Beginning with the first line of the material, set down each line exactly as written, up to and including the line with "Депутат от ВМРО".
>>>>>
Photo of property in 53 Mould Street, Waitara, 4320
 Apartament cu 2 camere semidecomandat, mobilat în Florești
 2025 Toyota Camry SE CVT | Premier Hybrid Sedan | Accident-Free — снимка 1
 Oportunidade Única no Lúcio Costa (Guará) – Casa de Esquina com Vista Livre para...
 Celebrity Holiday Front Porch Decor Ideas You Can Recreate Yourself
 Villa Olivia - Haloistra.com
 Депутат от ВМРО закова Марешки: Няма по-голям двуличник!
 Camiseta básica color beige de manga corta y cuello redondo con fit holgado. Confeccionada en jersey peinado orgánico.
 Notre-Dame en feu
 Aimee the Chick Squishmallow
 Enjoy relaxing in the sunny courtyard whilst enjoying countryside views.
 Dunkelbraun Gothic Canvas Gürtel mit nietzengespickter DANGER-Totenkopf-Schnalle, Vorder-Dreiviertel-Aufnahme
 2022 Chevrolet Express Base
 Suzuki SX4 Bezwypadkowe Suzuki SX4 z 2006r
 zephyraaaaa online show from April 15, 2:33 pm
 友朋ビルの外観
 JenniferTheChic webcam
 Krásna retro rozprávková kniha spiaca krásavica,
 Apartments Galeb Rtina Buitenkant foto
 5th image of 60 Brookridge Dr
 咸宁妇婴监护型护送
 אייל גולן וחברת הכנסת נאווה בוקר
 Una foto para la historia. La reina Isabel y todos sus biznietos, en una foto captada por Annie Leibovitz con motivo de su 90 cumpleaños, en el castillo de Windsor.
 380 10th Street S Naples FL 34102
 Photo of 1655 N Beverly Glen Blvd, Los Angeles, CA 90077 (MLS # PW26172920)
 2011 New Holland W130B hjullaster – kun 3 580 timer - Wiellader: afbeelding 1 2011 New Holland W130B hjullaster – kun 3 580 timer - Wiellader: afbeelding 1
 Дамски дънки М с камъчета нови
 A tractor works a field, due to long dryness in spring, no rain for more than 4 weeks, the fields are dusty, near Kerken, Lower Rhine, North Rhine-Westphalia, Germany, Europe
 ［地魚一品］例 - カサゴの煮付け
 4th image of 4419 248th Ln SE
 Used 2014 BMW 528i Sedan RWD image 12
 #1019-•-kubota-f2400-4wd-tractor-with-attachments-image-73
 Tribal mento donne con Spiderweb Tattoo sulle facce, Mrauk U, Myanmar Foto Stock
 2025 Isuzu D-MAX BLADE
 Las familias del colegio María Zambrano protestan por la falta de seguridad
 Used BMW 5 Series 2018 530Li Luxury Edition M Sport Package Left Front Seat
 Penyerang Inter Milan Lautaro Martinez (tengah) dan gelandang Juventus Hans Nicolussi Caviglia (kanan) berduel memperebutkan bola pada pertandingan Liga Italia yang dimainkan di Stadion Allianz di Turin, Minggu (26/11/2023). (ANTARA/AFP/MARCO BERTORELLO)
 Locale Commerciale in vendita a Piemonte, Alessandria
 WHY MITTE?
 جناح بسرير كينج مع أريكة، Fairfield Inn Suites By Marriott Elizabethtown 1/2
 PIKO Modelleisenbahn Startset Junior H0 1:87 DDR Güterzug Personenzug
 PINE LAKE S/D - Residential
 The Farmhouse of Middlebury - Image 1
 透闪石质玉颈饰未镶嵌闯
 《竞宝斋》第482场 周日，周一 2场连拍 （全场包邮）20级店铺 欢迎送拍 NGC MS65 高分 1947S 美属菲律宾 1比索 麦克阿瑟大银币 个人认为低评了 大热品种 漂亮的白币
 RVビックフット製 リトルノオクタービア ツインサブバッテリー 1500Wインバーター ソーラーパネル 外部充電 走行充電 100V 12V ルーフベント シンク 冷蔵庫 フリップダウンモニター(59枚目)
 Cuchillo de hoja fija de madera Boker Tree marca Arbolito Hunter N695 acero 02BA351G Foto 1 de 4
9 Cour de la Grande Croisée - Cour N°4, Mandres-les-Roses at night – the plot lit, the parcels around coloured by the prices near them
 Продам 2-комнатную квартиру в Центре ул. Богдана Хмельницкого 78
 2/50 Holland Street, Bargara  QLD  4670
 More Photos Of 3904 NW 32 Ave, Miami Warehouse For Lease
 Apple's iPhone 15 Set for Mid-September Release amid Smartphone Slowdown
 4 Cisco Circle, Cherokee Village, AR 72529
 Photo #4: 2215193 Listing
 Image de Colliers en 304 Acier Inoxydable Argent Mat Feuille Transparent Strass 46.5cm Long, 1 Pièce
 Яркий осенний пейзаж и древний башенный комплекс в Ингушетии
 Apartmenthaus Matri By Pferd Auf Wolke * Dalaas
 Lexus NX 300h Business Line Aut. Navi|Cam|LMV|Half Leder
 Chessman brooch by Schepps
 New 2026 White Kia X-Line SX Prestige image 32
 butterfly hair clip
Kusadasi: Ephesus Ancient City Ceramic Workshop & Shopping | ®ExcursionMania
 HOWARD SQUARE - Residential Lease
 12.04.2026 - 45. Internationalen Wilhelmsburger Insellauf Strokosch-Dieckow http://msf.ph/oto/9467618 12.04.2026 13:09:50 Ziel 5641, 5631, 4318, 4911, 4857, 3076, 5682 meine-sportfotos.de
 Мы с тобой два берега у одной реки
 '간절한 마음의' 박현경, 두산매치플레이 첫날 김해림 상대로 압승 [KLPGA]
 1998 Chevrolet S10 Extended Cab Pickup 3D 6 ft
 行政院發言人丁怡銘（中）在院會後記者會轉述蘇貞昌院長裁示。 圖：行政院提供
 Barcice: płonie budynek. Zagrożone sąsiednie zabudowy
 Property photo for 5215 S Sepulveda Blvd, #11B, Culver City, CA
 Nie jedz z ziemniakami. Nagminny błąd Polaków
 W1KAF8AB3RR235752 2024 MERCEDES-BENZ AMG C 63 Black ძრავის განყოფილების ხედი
<<<<<
- **YOUR SOLUTION**
Photo of property in 53 Mould Street, Waitara, 4320
 Apartament cu 2 camere semidecomandat, mobilat în Florești
 2025 Toyota Camry SE CVT | Premier Hybrid Sedan | Accident-Free — снимка 1
 Oportunidade Única no Lúcio Costa (Guará) – Casa de Esquina com Vista Livre para...
 Celebrity Holiday Front Porch Decor Ideas You Can Recreate Yourself
 Villa Olivia - Haloistra.com
 Депутат от ВМРО закова Марешки: Няма по-голям двуличник!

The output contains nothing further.